What to produce:
Copy the following data exactly and drop the pictures.

Stored data:
★ ★ ★ ★ ★ ★ ★

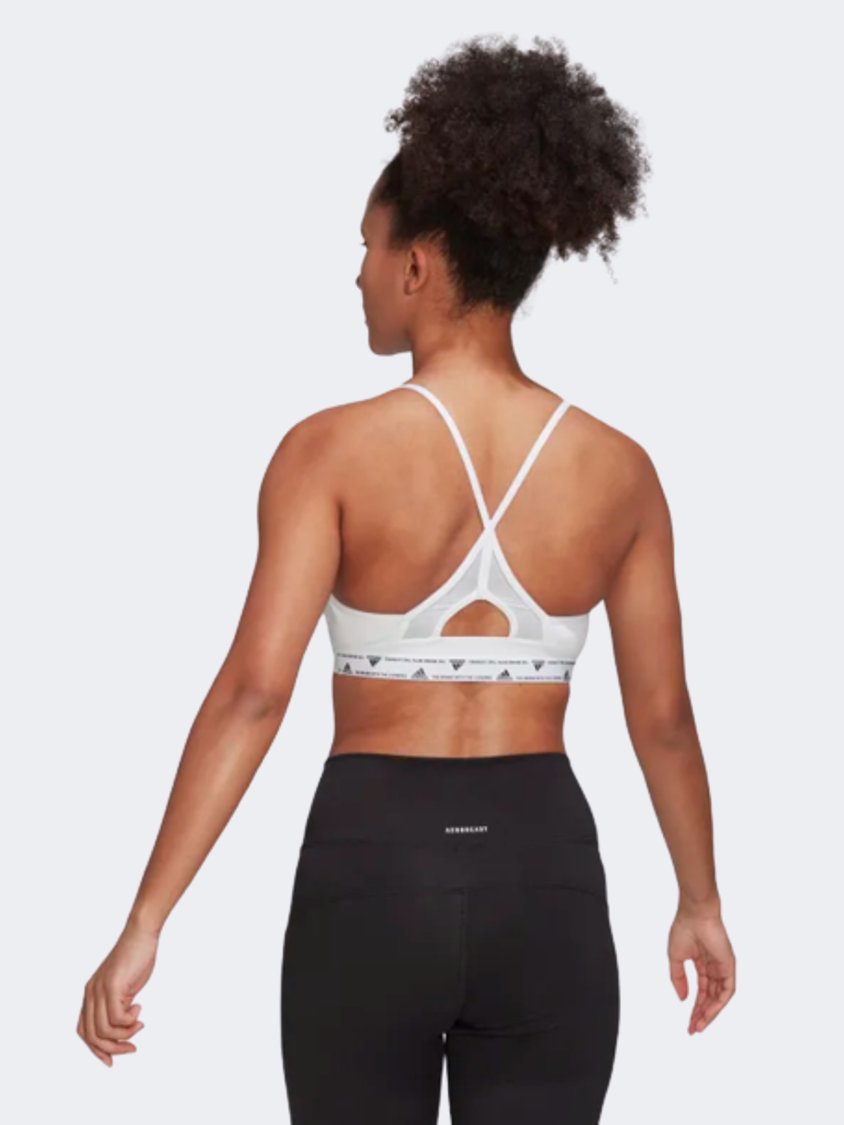 Adidas Aeroreact Light-Support Women Training Bra White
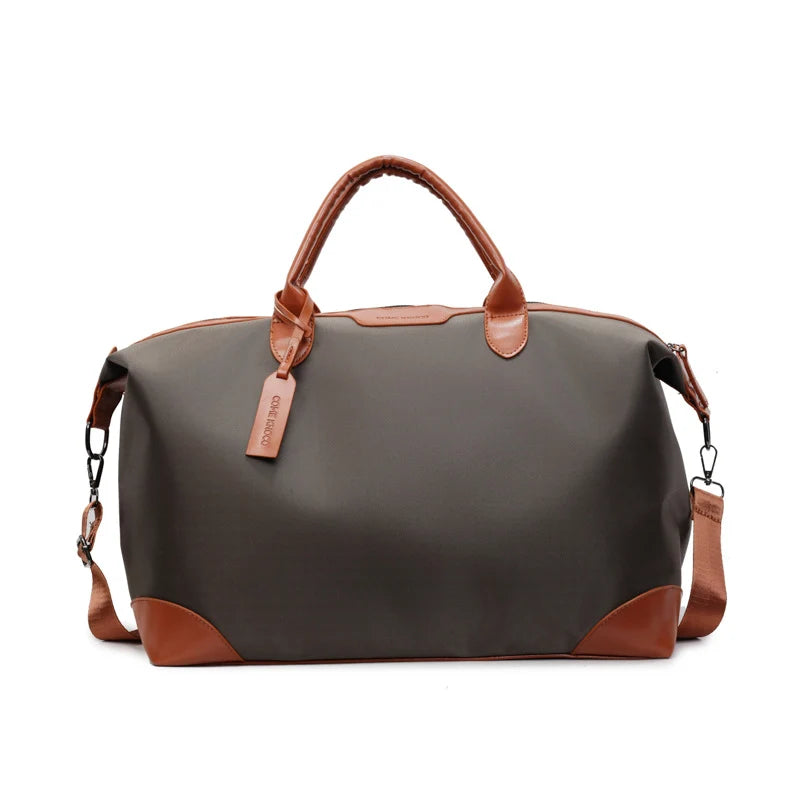 Duffle Bag Water-Resistant Multiple Compartments Adjustable Shoulder Strap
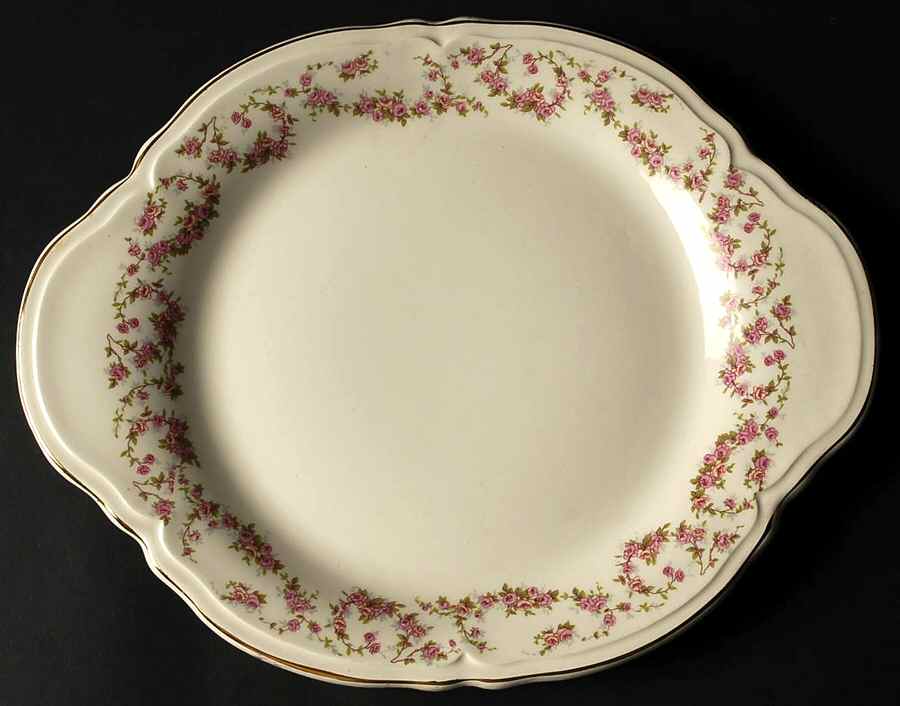 Lorraine 13" Oval Serving Platter by Edwin Knowles-1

★ ★ ★ ★ ★ ★ ★

Completed exercise:
 Adidas Aeroreact Light-Support Women Training Bra White
 Duffle Bag Water-Resistant Multiple Compartments Adjustable Shoulder Strap
 Lorraine 13" Oval Serving Platter by Edwin Knowles-1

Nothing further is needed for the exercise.